This post may contain affiliate links.
If you buy something from one of the linked sites you won’t pay anything more, but I might make a commission.
As a parent there are many, many things I wish I could just stick my head in the sand about. But that doesn’t help anybody. Accepting the following things early on makes them much easier to deal with when they actually happen. You don’t feel blindsided.
1) My kids will hate me. I’ve seen other parents react with genuine hurt when their sweet, precious children say “I hate you!” I remember saying it to my own parents. Hell, I remember sobbing in my room wishing that they would get hit by a car so that I could be an orphan because that had to be better than…whatever it was that they had done. Or wouldn’t let me do. I’m sure whatever it was I forgot about it an hour later. And stopped hating them. So I kept all of that in mind when I became a mom.
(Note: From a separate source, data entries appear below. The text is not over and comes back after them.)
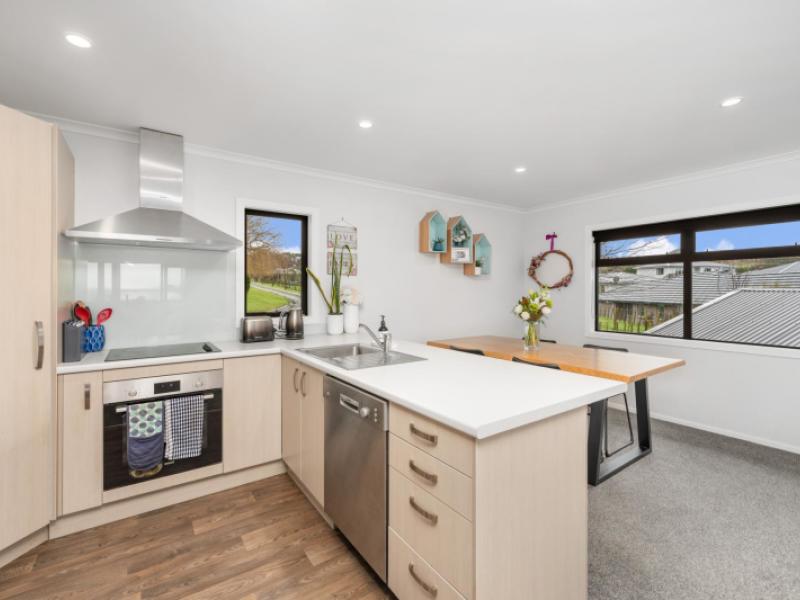 6-poplar-grove-feilding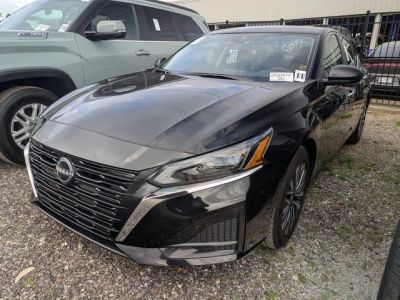 2025 Nissan Altima - Photo 1
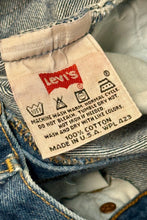 Load image into Gallery viewer, 1990’S LEVI’S MADE IN USA 501 MEDIUM WASH DENIM JEANS 28 X 32
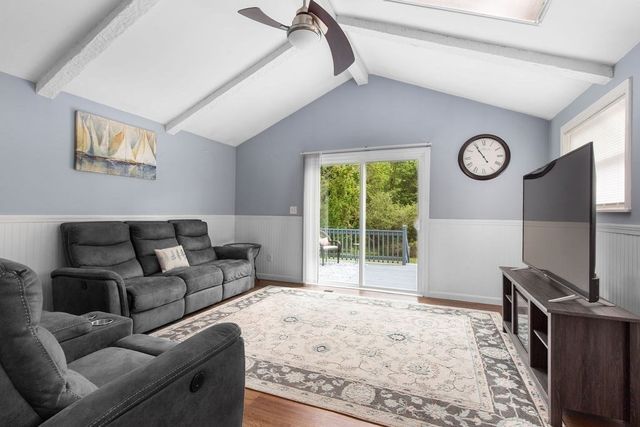 186 Pleasant St, Millis, MA 02054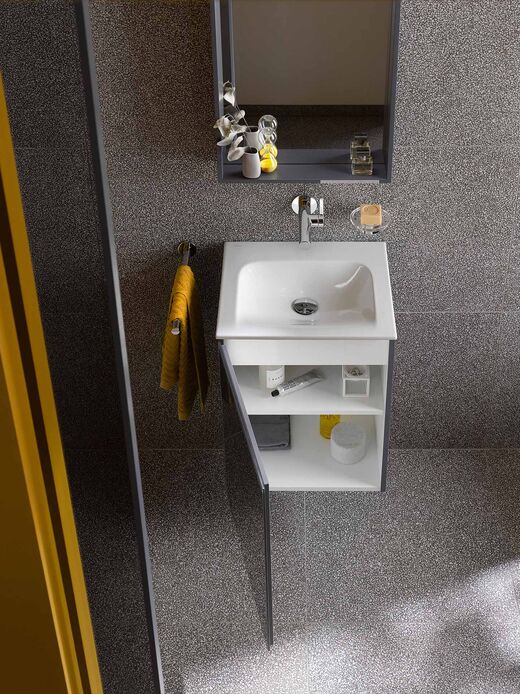 KEUCO X-Line Stauraum trotz kleiner Abmessungen. Der Unterschrank unter dem Waschbecken von X-Line von Keuco hat Platz für einige Badutensilien.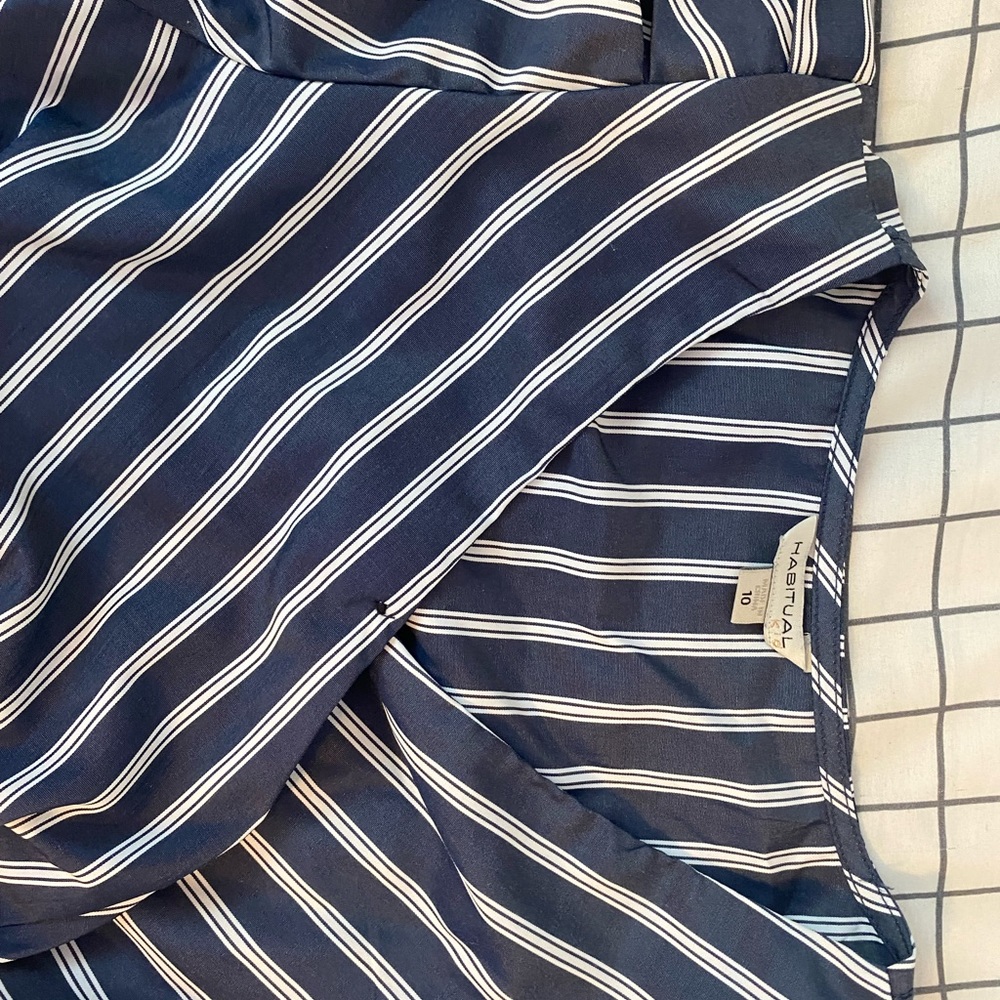 Girls, Size 10 top from Dillards. Puffed sleeves - Habitatual Kid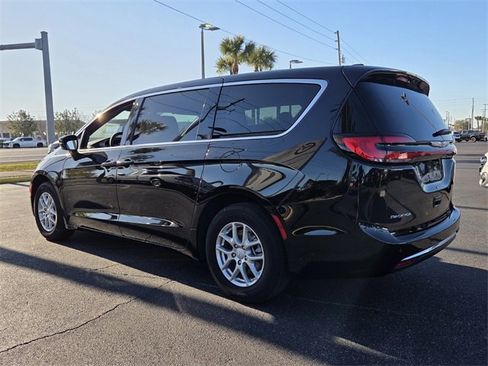 New 2026 Chrysler Pacifica Select image 5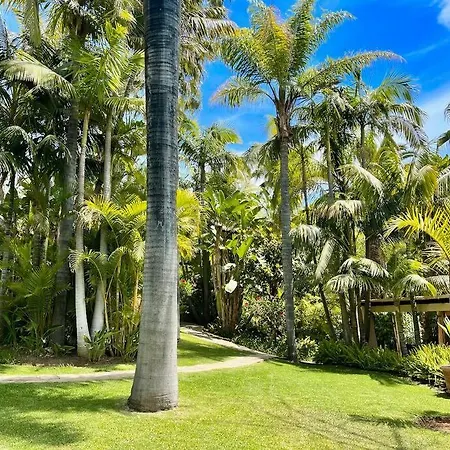 Grand Estate With Tropical Gardens Willa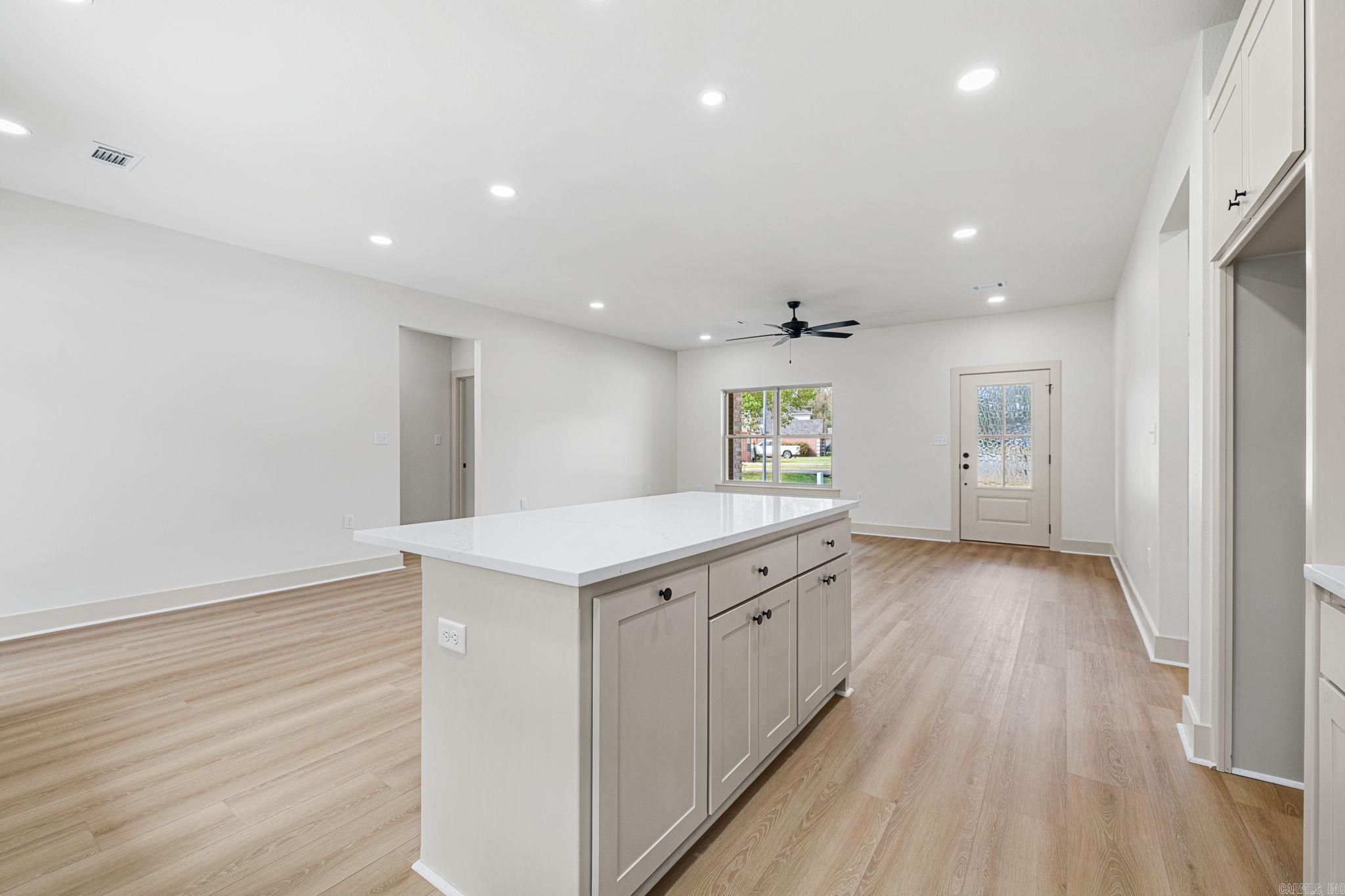 HEIGHTS - Residential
And the first time my son told me he hated me, I said “OK, that’s your right.” And walked away.
2) My kids will think they’re smarter than me. Whatever. If that were actually true, they would have figured out a way to move out on their own by now. No matter how smart they think they are, they still need me. They can roll their eyes all they want and mutter under their breath that I don’t know anything, because I am 100% certain that they’ll appreciate me someday, after they’re off on their own. I can wait.
3) Independence is a good thing. We tend to celebrate the early firsts – the first steps, the first words, the first teeth lost – in a way that we don’t celebrate the later firsts. There’s an urge to freeze our kids at a time when they’re safe and close and small, because the world can seem like a scary place. But a child who wants to be independent is a child who has curiosity and confidence. I’m proud that my kids can do things on their own and go places on their own. I’m glad that they crave more independence, that they’re not afraid of the world.
I worry about them like crazy, but I don’t let that stop me from making rational choices about what they can and cannot do.
4) My kids will do dumb shit. It doesn’t mean that they’re dumb. It doesn’t mean that I did a bad job raising them. It just means that they’re kids. Doing dumb shit is part of the process, as is living with the consequences.
5) My kids will have sex…some day. My kids are both going through puberty. They will have crushes. They will have boyfriends and girlfriends. And they will have sex. I hope it’s later rather than sooner, but it’s going to happen eventually. And the best thing I can do for them is to prepare them. Start conversations, answer questions, and try to make them feel comfortable talking to me (or my husband) about anything.